There is their and theirs, your and yours, her and hers, our and ours, y’all and y’alls (southern, but okay).

But what about mine and mines?

Like I said, this usage isn’t mine(s), but the more I considered it, the more I enjoy it, and the more I enjoy how it annoys certain pedants who hold the idea that mines is somehow incorrect.

First, understand that language is always changing. Every time we say something, anything, it changes. It may not completely change its “name,” that is how its spelled, but its pronunciation is certainly not concrete.

I’ve been using the Oxford English Dictionary’s free trial (enter trynewoed/trynewoed as login name and password; good ’til February 6), and this trial has allowed me to geek out in every which way, which gives me Exhibit A:

(click to enlarge)

Now, just because mines is documented in the Oxford English Dictionary is not the ace in the hole. Words are words and the OED is simply documenting, taking snapshots if you will, of the English language, i.e., its words, since its inception over a millennium ago.  But some folks would like to see some credentials.

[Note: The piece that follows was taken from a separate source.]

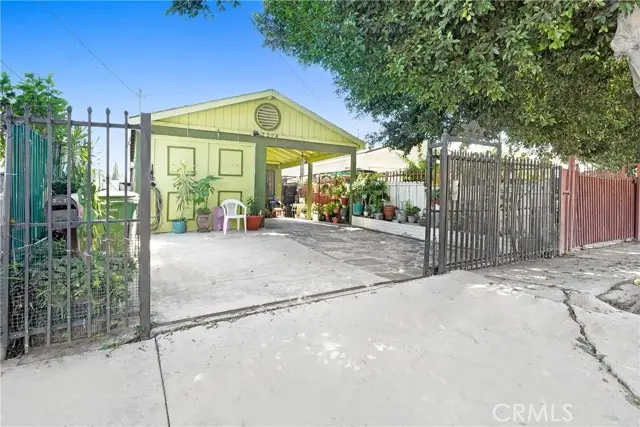 2274 103rd, Los Angeles, CA 90002 - #2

The first time I heard mines outside of the occasional student was in this video, or Exhibit B (approximately 1:10  in the video).

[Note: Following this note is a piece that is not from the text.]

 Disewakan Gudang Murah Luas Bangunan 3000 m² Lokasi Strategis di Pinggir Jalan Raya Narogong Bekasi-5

And if you read the OED entry above, you will see that the expression is chiefly Scottish, as is the speaker in the video, but please note the usage is also Irish English, and it’s also Caribbean, which has me wonder where my students would have picked mines up. Now, it’s been documented that poor Blacks and poor Irish have swapped idioms and expressions, and it’s conceivable that the Caribbean strand could have caught with African-Americans some time in the past. Hell, perhaps the -s found its way onto its host the way your become yours and our became ours.

But, in the end, mines is being used in good grammatical fashion, like “Hey, that book is mines!” and that’s all that really matters.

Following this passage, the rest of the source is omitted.